EXERCISE INSTRUCTIONS:
What are the lines below, starting at the line containing "Otel Ayre Alfonso Ii Oviedo" and ending at the line containing "Gata Gordinha Hottie"? Write them out exactly, ends included, without pictures.

PROVIDED DATA:
Start of Block
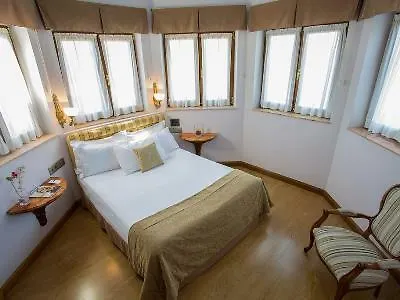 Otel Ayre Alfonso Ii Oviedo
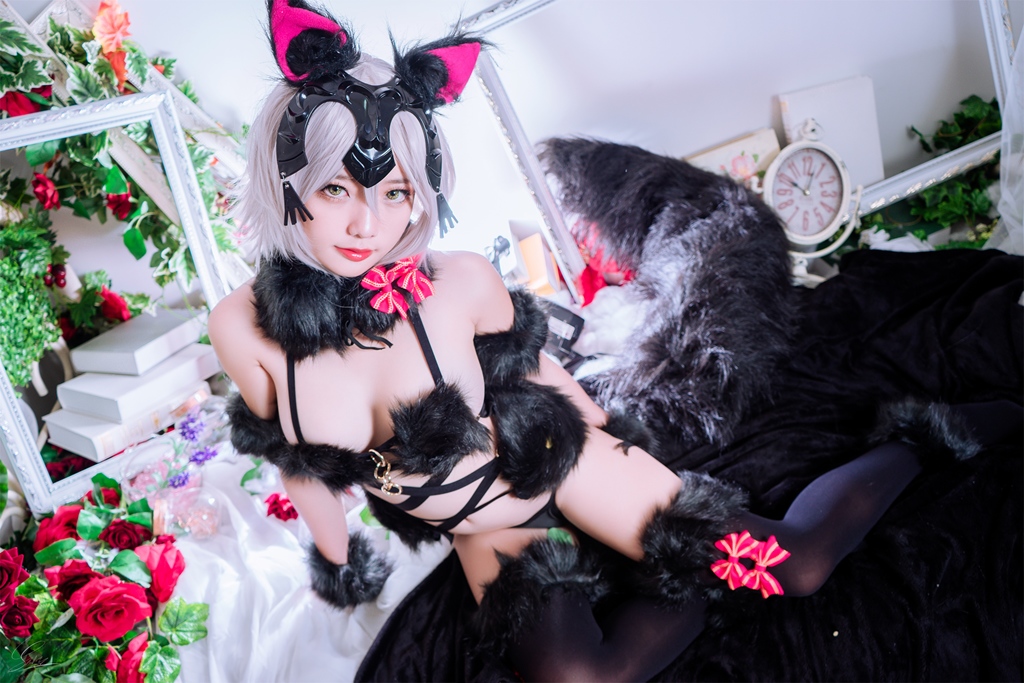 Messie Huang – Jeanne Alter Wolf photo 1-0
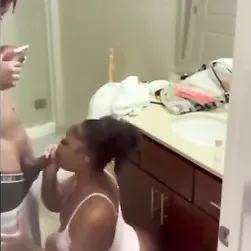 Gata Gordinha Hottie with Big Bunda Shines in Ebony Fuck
End of Block
Start of Block
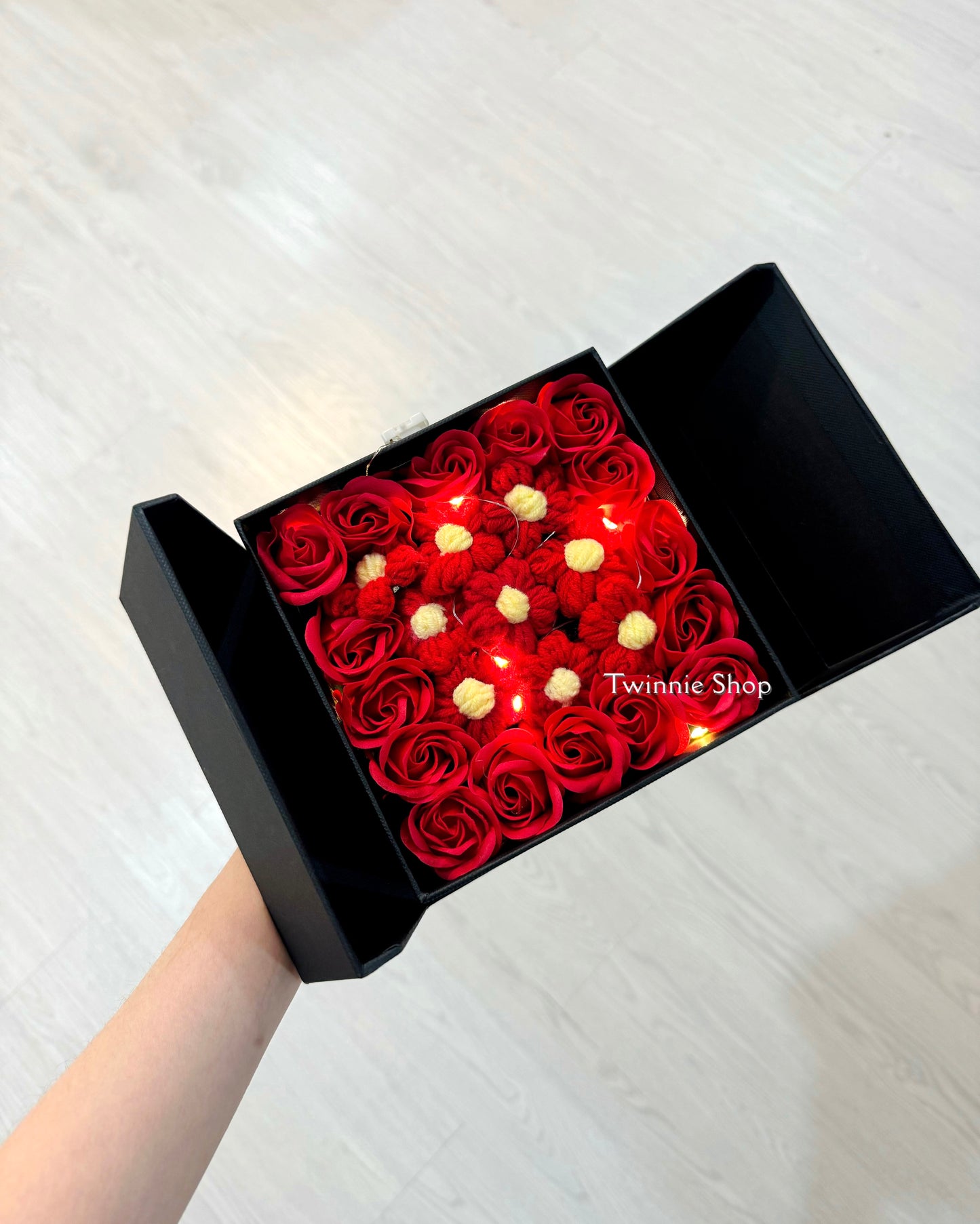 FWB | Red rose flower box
End of Block
Start of Block
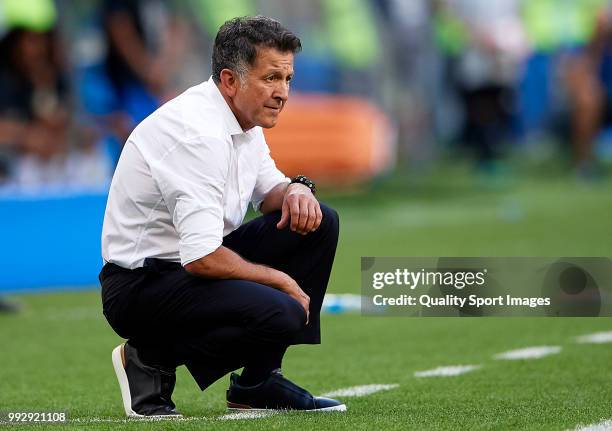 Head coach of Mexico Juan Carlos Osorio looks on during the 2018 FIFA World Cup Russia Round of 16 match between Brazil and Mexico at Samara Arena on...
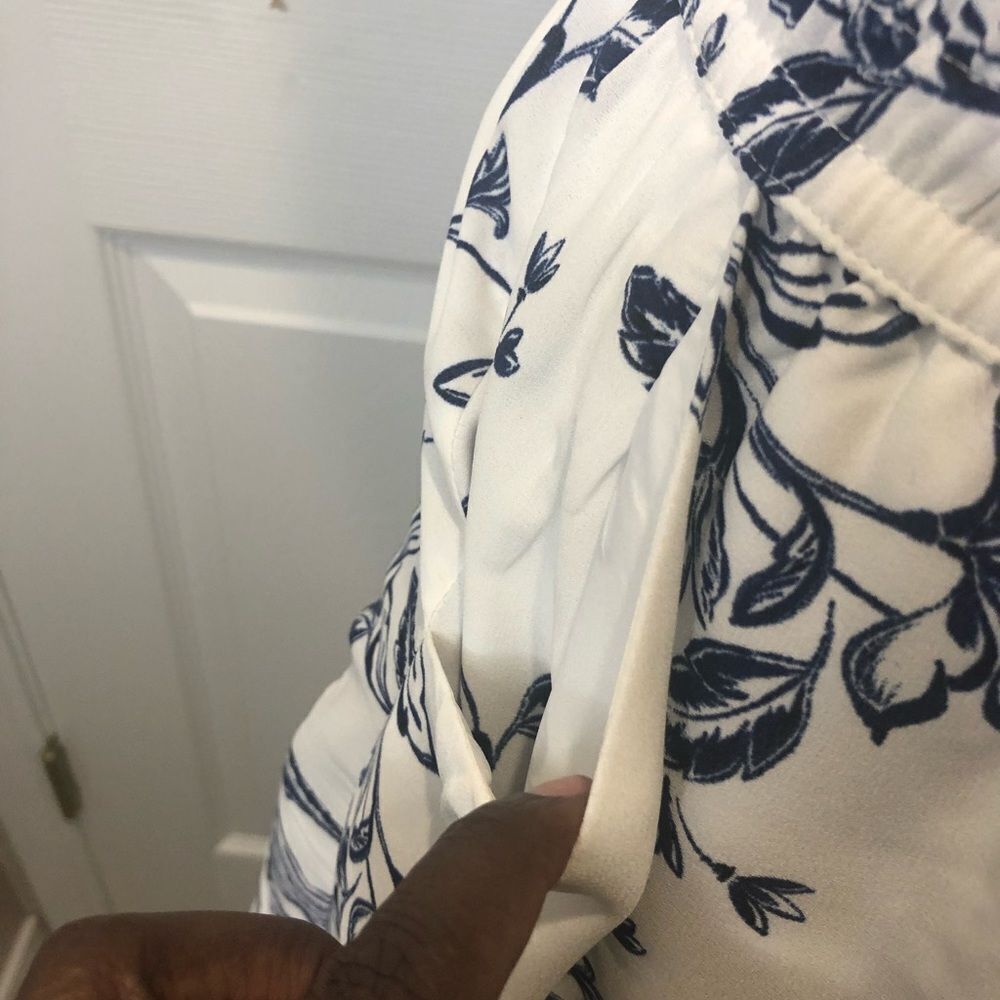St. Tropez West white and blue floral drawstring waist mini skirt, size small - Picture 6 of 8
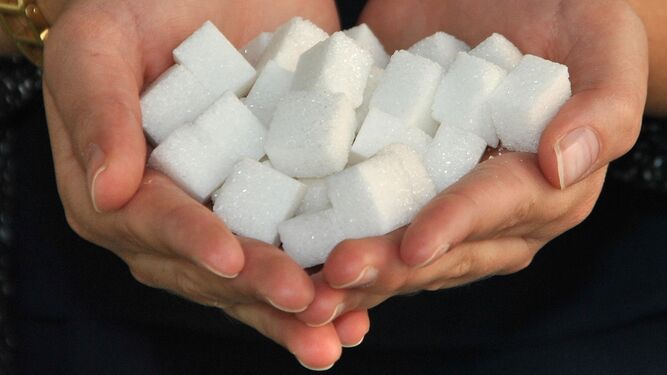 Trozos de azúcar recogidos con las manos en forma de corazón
End of Block
EXERCISE RESPONSE:
 Otel Ayre Alfonso Ii Oviedo
 Messie Huang – Jeanne Alter Wolf photo 1-0
 Gata Gordinha Hottie with Big Bunda Shines in Ebony Fuck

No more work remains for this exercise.